Grieving Maya Indians in a sweltering village deep in the limestone flatlands of Mexico's Yucatan peninsula painstakingly cleaned the remains of their late loved ones on Monday during a unique annual family reunion with the dead.
In a tradition dating back centuries, families in Pomuch exhume their dead after three years in the grave and transfer their dried bones and skulls - often with hair attached - to wooden crates on permanent display in open funeral niches.
Every subsequent year in a two-day ritual preceding the November 1 and November 2 Day of the Dead festival, families gather at the brightly painted tombs to replace the boxes' embroidered cloth linings and give the remains themselves a spruce up.
The festival brings back floods of painful memories for mourning kin struggling with the loss of life companions.
"I was talking to her," Colli, a widower of nine years, recalled as he lifted his dead wife Concepcion's brittle pelvis from a large pile of bones and dusted it off with a cloth. "She lowered her head and that was it."
But the retired farm hand said he took solace from knowing she was at peace. "I feel happy because she died happy."
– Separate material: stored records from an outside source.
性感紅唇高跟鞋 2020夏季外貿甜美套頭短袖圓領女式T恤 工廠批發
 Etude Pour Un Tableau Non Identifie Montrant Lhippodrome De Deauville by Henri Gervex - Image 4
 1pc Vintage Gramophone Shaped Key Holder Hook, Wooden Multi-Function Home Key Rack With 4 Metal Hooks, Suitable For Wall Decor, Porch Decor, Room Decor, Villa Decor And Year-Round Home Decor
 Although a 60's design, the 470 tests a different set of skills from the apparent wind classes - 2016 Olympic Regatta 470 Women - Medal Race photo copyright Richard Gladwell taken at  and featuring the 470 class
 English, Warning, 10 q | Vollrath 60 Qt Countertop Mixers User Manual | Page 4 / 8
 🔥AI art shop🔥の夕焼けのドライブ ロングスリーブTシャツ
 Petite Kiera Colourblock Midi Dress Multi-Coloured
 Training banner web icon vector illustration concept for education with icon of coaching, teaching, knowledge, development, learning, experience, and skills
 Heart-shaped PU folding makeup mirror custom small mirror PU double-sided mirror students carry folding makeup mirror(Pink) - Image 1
According to Mayan beliefs, death is a stage in life in which the deceased evolve into higher, more spiritual beings.
In Pomuch, the dead are believed to be "purified" during the first three years after their death. They are then exhumed and welcomed back as highly respected members of extended families in which past and present generations merge.
Old women in colorfully patterned traditional dresses chattered in the Mayan language on Monday as they fussed over the bones of long lost mothers and the skulls of babies who barely lived a day.
Marta Helena Chipool, 35, lovingly cleaned the remains of a mother-in-law she never met and the twin girls who died with her 40 years ago in childbirth.
"You go to the cemetery and you can see your dead sister, mother and father and talk to them," said Lazaro Tuz, an anthropologist from Pomuch who has spent years documenting the ritual. "This keeps the family together."
"The dead person is no longer dead because you can touch him," he said.
"She is not dead to me, she lives in my heart," Maria Euan, a 52-year-old woman with braids and bright cross-stich flowers spread across her white blouse, as she and her husband arranged her dead mother's bone. "This is her party."
The origins of the ritual, which is celebrated almost exclusively in Pomuch, are murky, and it is unclear whether the practice predates the Spanish conquest of Latin America.
One theory suggests that villagers, faced with an overflowing cemetery, may have begun digging up their dead for sanitary reasons.
Some fear the tradition is dying out as Pomuch's youth, increasingly hooked on video games, action films and racy reggaeton music, embrace modern culture.
According to village folklore, the spirit of a Pomuch native can become angry and wonder lost through the streets if proper care is not taken of his or her remains.
Martin de Porras cleaned his dead father's thigh bone, still bearing the shiny metal prosthetic ball joint that made his last months after a road accident misery, and wondered whether his children would do the same for him.
"I can't make them do it," he said. "But if they don't, I don't know where I'm going to end up."